The 2016 Summer Olympics: A Closer Look at the Impact for Mobility
Rio de Janeiro, Brazil, will soon be hosting the 2016 Summer Olympics. While the city prepares to meet the demands associated with receiving athletes and spectators from around the world, we have taken a closer look at the potential impact to assignees and companies in Rio de Janeiro during this time.
It is important to note that impacts noted below will affect only the city of Rio de Janeiro; at this stage, we expect other locations in Brazil will be minimally impacted.
- Olympics – August 5th to August 21st, 2016
- Paralympics – September 7th to September 18th, 2016
With an influx of visitors to the city, the demand for temporary accommodations will be abnormally high beginning in the weeks leading up to the Olympics. Our supplier partners have confirmed that there are already a very limited number of units available for bookings beginning mid-July through mid-September.
As a result of this reduced availability, additional preparation time will be required to locate and secure available units during this timeframe. In addition, mobility leaders should be aware of shifts in local market practices regarding temporary accommodations. For example, cost and availability of units will be subject to change up to the time of booking confirmation. Standard cancellation and notice to vacate policies will not be valid and requests for extension will also be subject to availability, which we believe will be limited. A higher rental cost or different conditions than the original rental agreement terms may be requested if an extension is requested. Parking may also be an issue depending on the location of the temporary accommodations.
In order to have the greatest chance for success, mobility leaders will need to allow as much time as possible for supplier partners to try to secure accommodations. We recommend initiating only those assignments considered business critical during the Olympic Games as securing temporary accommodations can be costly and exceed standard budgets.
Brazil has published a new ordinance (Portaria #216) which provides visa-free tourist travel starting in June for nationals of Australia, Canada, Japan and the United States during this summer’s Olympic Games. There will be no changes in the processes for other nationalities.

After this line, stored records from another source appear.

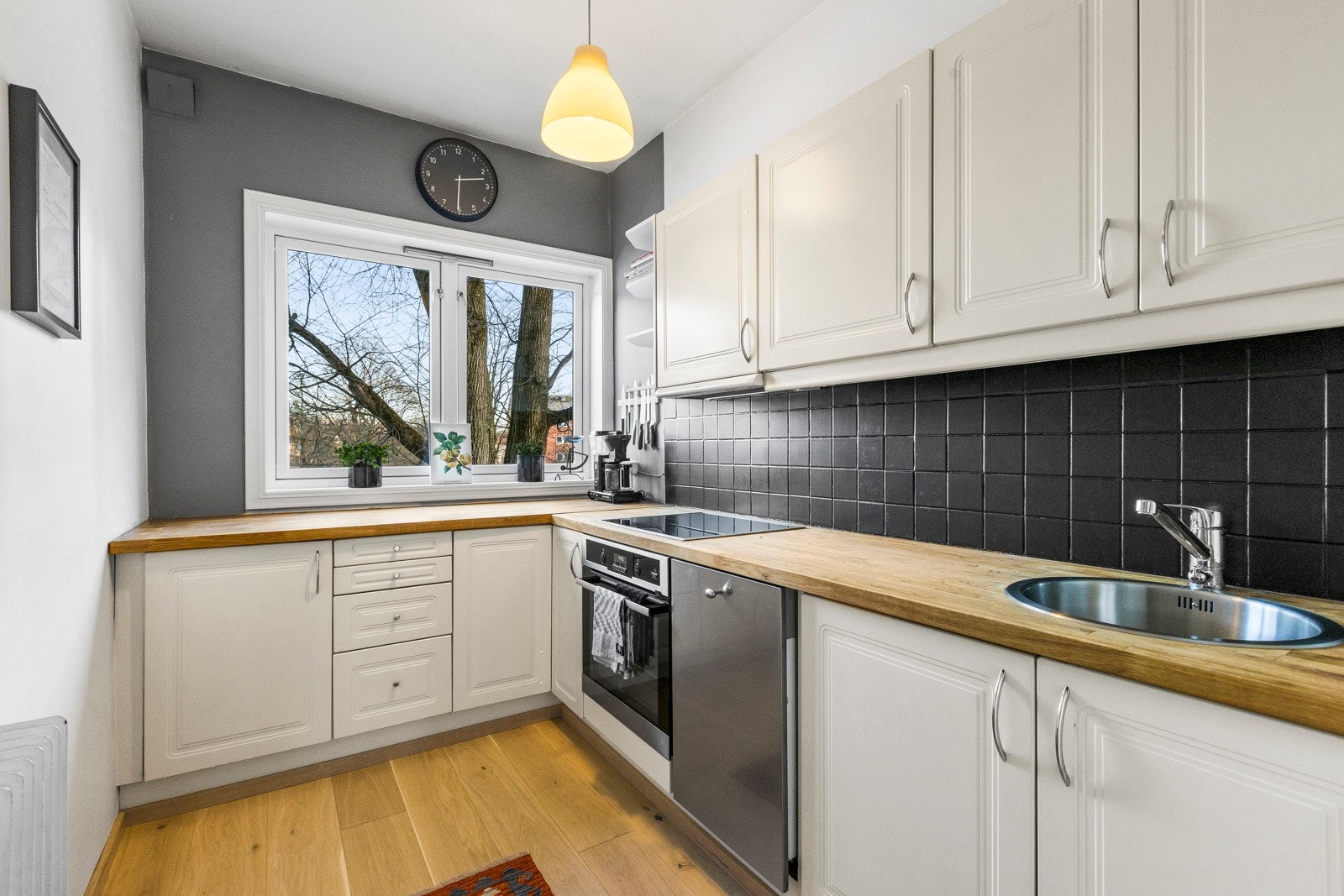 Separat kjøkken med innredning med profilerte fronter og benkeplate av tre. Galleribilde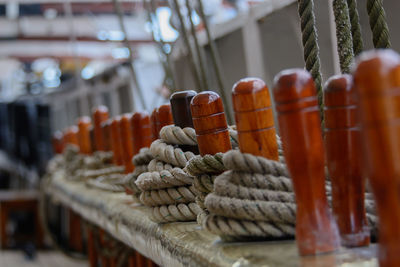 Close-up of ropes on wood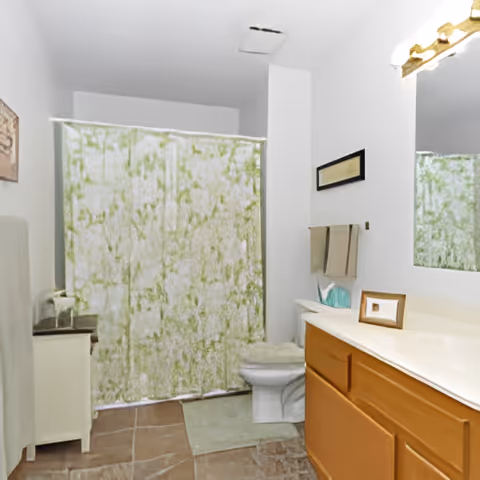 A bathroom with a green and white patterned shower curtain, a white toilet, a wooden vanity with a white countertop, a large mirror above the vanity, a small framed picture on the countertop, and a towel rack with two beige towels. The floor is tiled in a brownish color.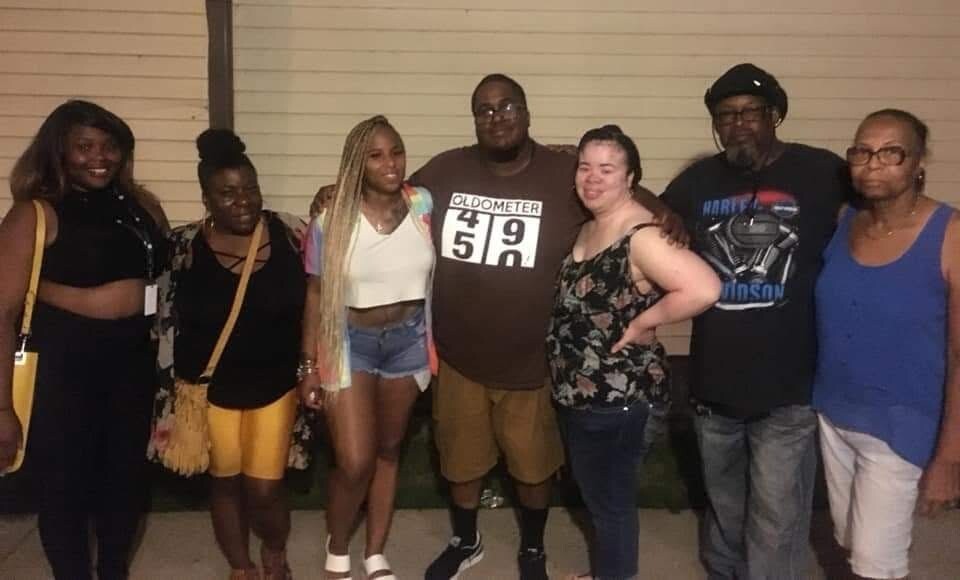 Group of eight people posing together outdoors at night, smiling for the camera, standing close with arms around each other in casual summer outfits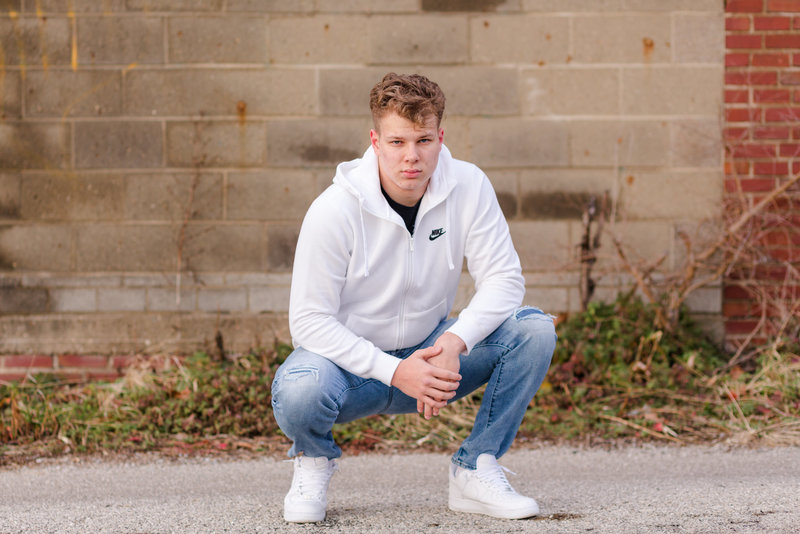 waynedale high school senior guy wearing blue long sleeve shirt, with tan pants, sitting in fwaynedale high school senior guy squatting in an alley way wearing nike shirt and nike shoes with jeans, serious look on his face,, photographed in Wooster Ohio, photographed by Jamie Lynette Photography Canton Ohio Senior Photographer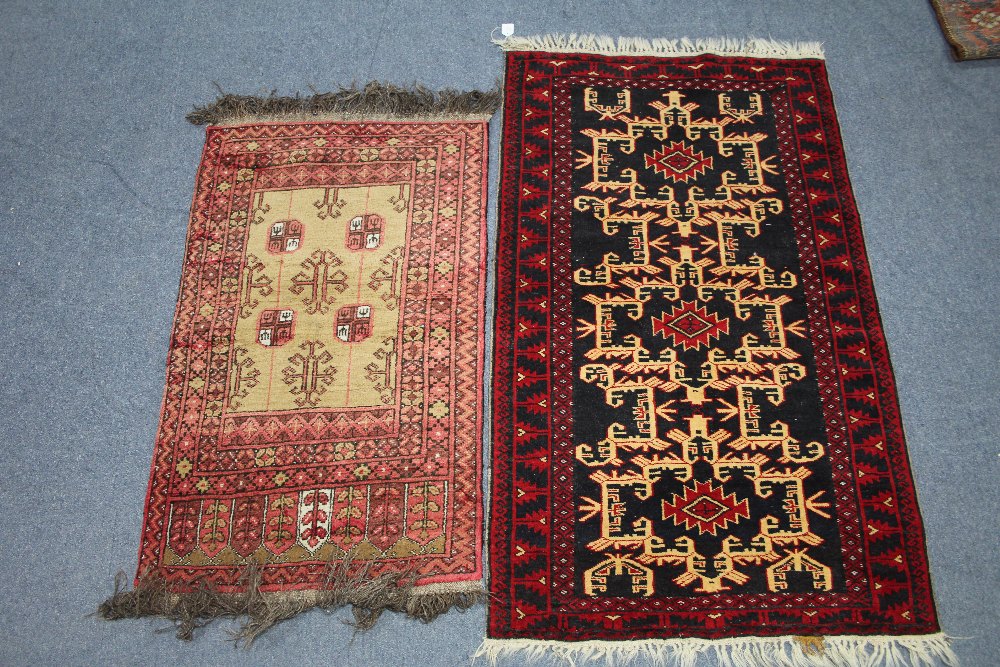 A Persian rug of dark blue ground, with cream hook pattern within crimson border, 60" x 35"; & a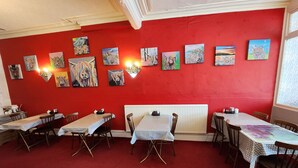 A restaurant with red walls, multiple tables with checkered tablecloths, and various paintings on the wall. - Moorfield Hotel (Blackpool)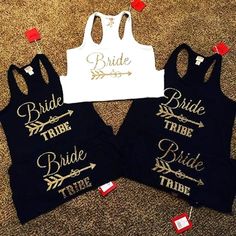 three bride tank tops on the floor with tags attached to them, one is white and two are black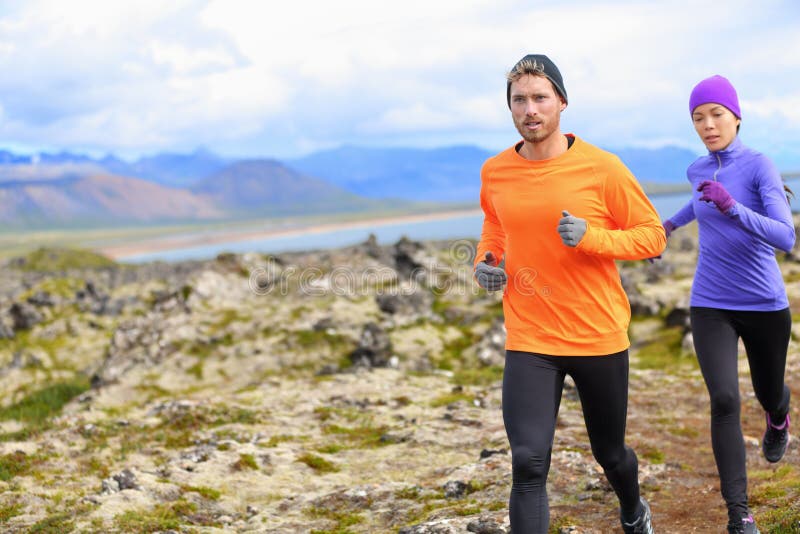 Trail runner men and women running cross-country run training outside for marathon. Jogging male athlete working out as part of healthy lifestyle. Image from Snaefellsnes, Iceland. Trail runner men and women running cross-country run training outside for marathon. Jogging male athlete working out as part of healthy lifestyle. Image from Snaefellsnes, Iceland.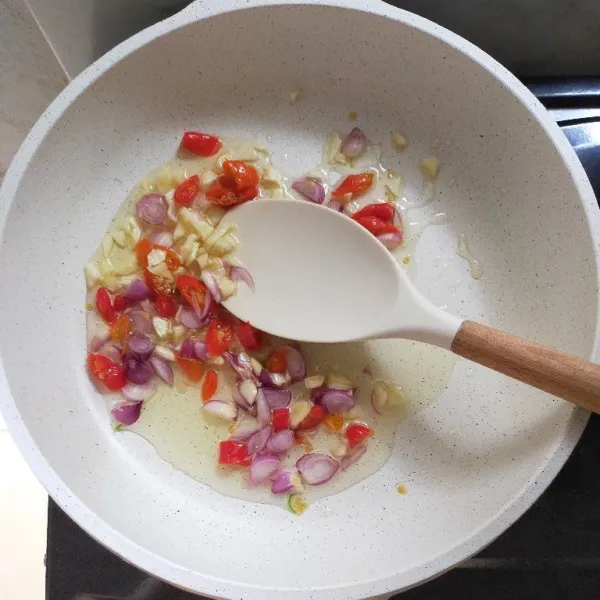 Tumis bawang merah, bawang putih dan cabai hingga layu.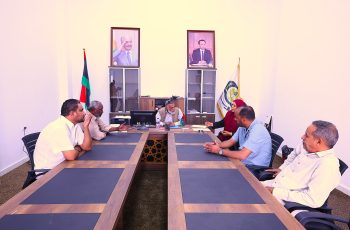 People sit around a large conference table in a meeting room, gesturing and talking; flags and framed portraits are visible in the background.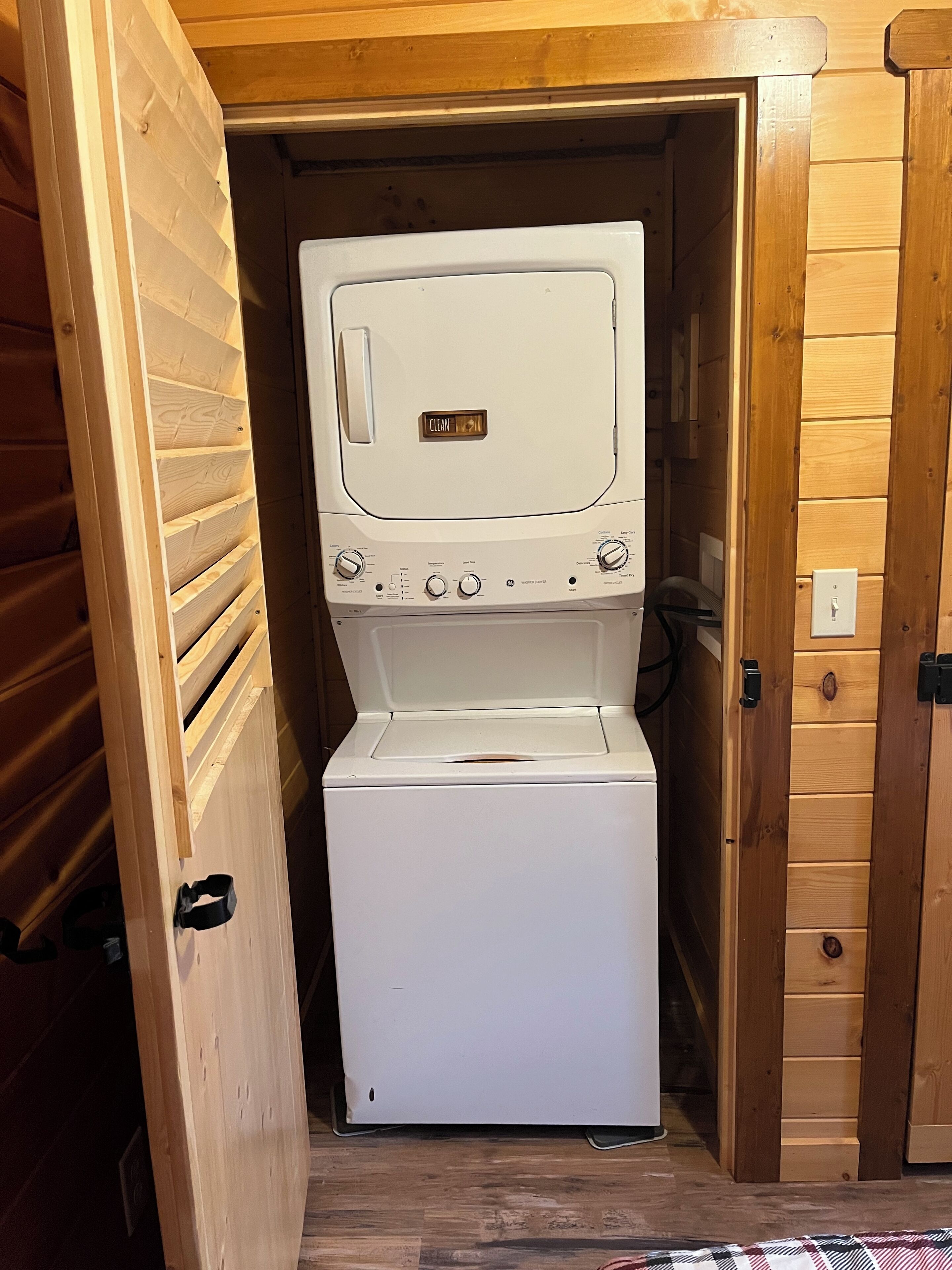 Ein kompaktes, weißes, an der Wand befestigtes Wasch- und Trocknergerät mit 'CLEAN'-Anzeige, in einem Holzschrank mit Tür untergebracht.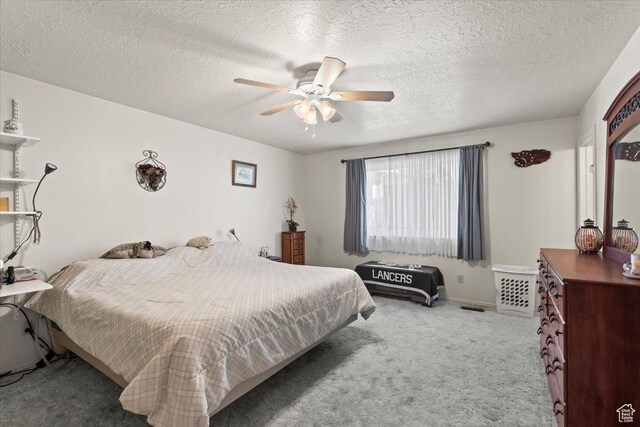 214 N Mountain Rd, Fruit Heights, UT 84037 - carpeted bedroom featuring a textured ceiling, baseboards, and ceiling fan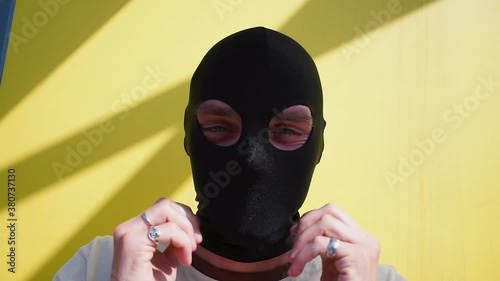 The man puts on a black balaclava over face. He makes dance moves with his hands. Motivation of positive incognito mood.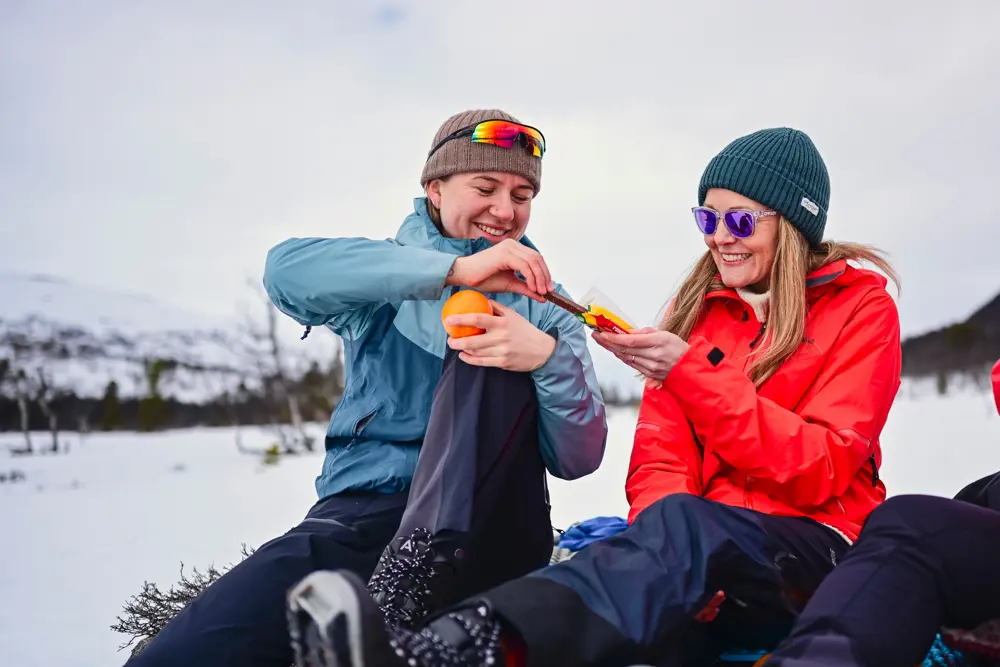 To kvinner sitter ute i vinterlandskap. De smiler og en holder en appelsin menst hun får sjokolade av den andre kvinnen. 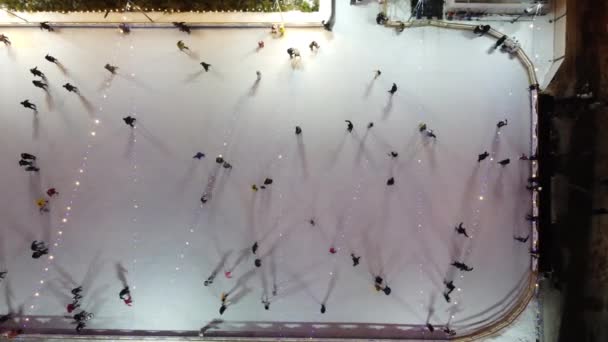 人们在冬夜山顶的室外溜冰场上滑冰 空中无人驾驶飞机视图 灯火通明 投下长长的阴影圣诞假期康乐活动 — 图库视频影像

This change only affects tourist travel and the same work permit and immigration policies in place today for assignees remain the same. There is only one type of visa directly related to the Olympics that will need to be analyzed by the Ministry of Labor, but considering that this visa has a short processing time (5 days), our immigration partners predict that we should not see considerable delays in other processes and that processing times will remain relatively stable. However, due to several local holidays that were declared in Rio for August, there could be some delays in local registrations completed by the Rio de Janeiro Federal Police that month.
Home Finding and Settling In
Mobility leaders should assess upcoming start dates for assignments and, if it all possible, avoid having assignees schedule Home Finding or Settling In trips during timeframe of the Olympics. Rio de Janeiro is currently under construction, and the neighborhood of Barra da Tijuca, where the Olympic Games will take place, and the City Center are expected to be congested with spectators and tourists. Daily commuters are currently experiencing high traffic fluctuations, which we anticipate will worsen as the Olympic Games approach.
In addition, our local Destination Services partners are already reporting the impact of the upcoming Olympics on the real estate market. Apartment costs are, on average, around 280% more expensive for the duration of August. Apartments without services are also being rented very quickly, and some companies are already having difficulty finding long stay furnished options for employees already in Brazil. Landlords who usually only rent for 30 months are now making their properties available for shorter stays during the Olympics.
To offset traffic concerns, the mayor of Rio de Janeiro decreed a partial holiday, not affecting commercial activities, on August 5th, 18th and 22nd
- August 5th – the beginning of the Olympic Games
- August 18th – a triathlon trial
- August 22nd – the day after the Olympics conclude is predicted to see millions of people converging on the international airport to return home
Reports indicate that the extension of the subway’s Linha 1 to Barra da Tijuca will be complete just before the games are set to begin, and the construction on the Ipanema, Leblon and Gavea stations are also expected to be concluded and fully functional by the time the games start. However, it is important to realize that the completion schedule may change. The government is actively monitoring the status but last minute changes could impact travel options and overall traffic flow in the city.
For any international assignment, a full health evaluation/physical examination by a medical professional is strongly recommended before the assignee and accompanying family members travel to Brazil. For mobility leaders sending assignees into Brazil, both during the timeframe of the Olympics and beyond, it is also critical to have the latest information regarding the Zika virus. Mobility leaders should advise assignees and their families traveling to Brazil where the Zika virus is circulating to familiarize themselves with the travel advice provided by the World Health Organization (WHO) and their countries’ health authorities and to consult their health care provider with any concerns before traveling.
The upcoming Olympic Games represent an exciting opportunity for Brazil as they usher in the world’s best athletes and worldwide attention later this summer. For mobility leaders planning or initiating upcoming moves to Rio de Janeiro, it will be important to take the impact of the upcoming Olympic Games into consideration in order to ensure the best chances for a successful relocation.